Home life isn’t more reassuring with Brosca horrified when Pietre kills his next pet rabbit – and she finds a series of extremely unpleasant childish drawings – that look like dissections of a rabbit. Tom, Milner’s husband, is going through a painful withdrawal, dealing with addiction. There is a definite bond growing between Milner and Phillip which Tom calls “brain love”.

They get a genuine connecting hug when Phillip is arrested for harming his child. And you thought your relationship started on rocky foundations! Phillip admits he was trying to inhibit violence in Pietre… well. Um…  not quite how it worked out, now, is it? Milner doesn’t particularly care and is more focused on Brosca now being a problem. Phillip feels the same about alcoholic Tom.

When Milner has a problem, she deals with it. So when 50 people learn of Janus, they’re put on a plane with a bomb on it. And Tom has an accident in the bath. Brosca dies in childbirth… there’s no indication that Milner’s involved… but she does take the chance to focus Phillip on Janus. The girl is Jessica.

Now back to 1979 with the driver dead in the taxi and Milner’s ultimatum. Which Phillip ignores – he continues to leak documents identifying “Mr. Rabbit”; she guesses that Phillip can’t bring himself to destroy his work but fears it – so it trying to bring her down. We also see the young Assistant  (who never gets a name) with the new symbol carved in his torso.

Enter Minister Neave, member of government who has seen the leak, seen the cover up – and is quite willing to keep covering things up so long as they’re willing to play his game and help the Tories get in government. Which, naturally, they do, in very brutal and efficient manner.

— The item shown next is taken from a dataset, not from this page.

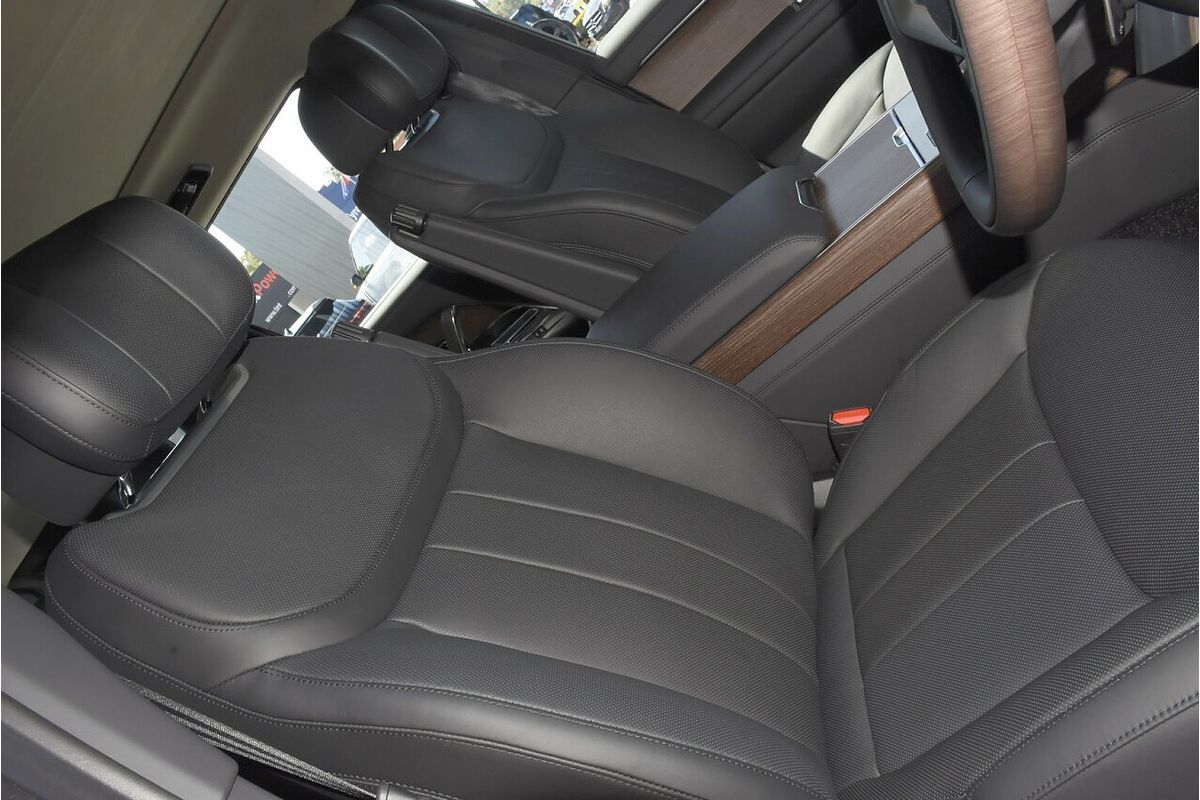 2024 Land Rover Range Rover P530 Autobiography L460 LWB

Milner also steps up her intimidation of Phillip – having the man she intends to torture Jessica introduce himself in an incredibly creepy scene. Under all the stress Phillip frays a little round the edges – and seems to start writing his comics to hide Janus

Phillip is tortured while Milner looks on, tearful (the torturer is the creepiest man ever. He’s so… professional and reassuring). But Phillip has some allies – Christos, who manages to get him out during lots of alarms and a nuclear event – a rather extreme measure to take. Yes, it’s 3 Mile Island. They may have casused it.

 Phillip gets to the torturer before he can touch Jessica and kills him. Phillip runs with Jessica – and leaves Pietre behind.

Mr Neave is killed in a bombing. Milner clears up her tracks.

Milner seems to have wrecked her home when she realises she’s lost Janus – or lost Phillip, even the Assistant doubts which. Milner also realises that Jessica has Janus – or is Janus

Christos checks the broken Phillip into a mental hospital – under the name Mark Dane. Christos  takes Jessica to raise and train. Phillip completes the Utopia comics – and hangs himself.






You know Nothing, Phillip Carville!

Sorry, I had to. I’ve been holding that in ALL recap!

Tim McInery playing yet another secret services/conspiracy role?. He seems to always play conspiracy government types these days. Not that I’m complaining – he’s always absolutely awesome in the role.

Part of me wanted to say what was the point of this episode. None of this is new information. None of this advances what we’ve seen or the characters we’ve connected to. It’s backstory we already know to a current story that is already teetering on the edge of so many cliffhangers – to delay that story to give us unnecessary backstory is wrong. Right?

But… I can’t. Because it was so incredibly well done – immensely well acted, powerfully emotional, wonderfully woven with actual real world events in a way that truly perfect. I can’t say it was pointless because it gave the whole series a foundation of incredible events wonderfully presented in this single episode.

It may not have been USEFUL to any element of the main plot. But the plot is still richer to have it. And even it weren’t, it was so excellent in its own right to be worth the episode alone.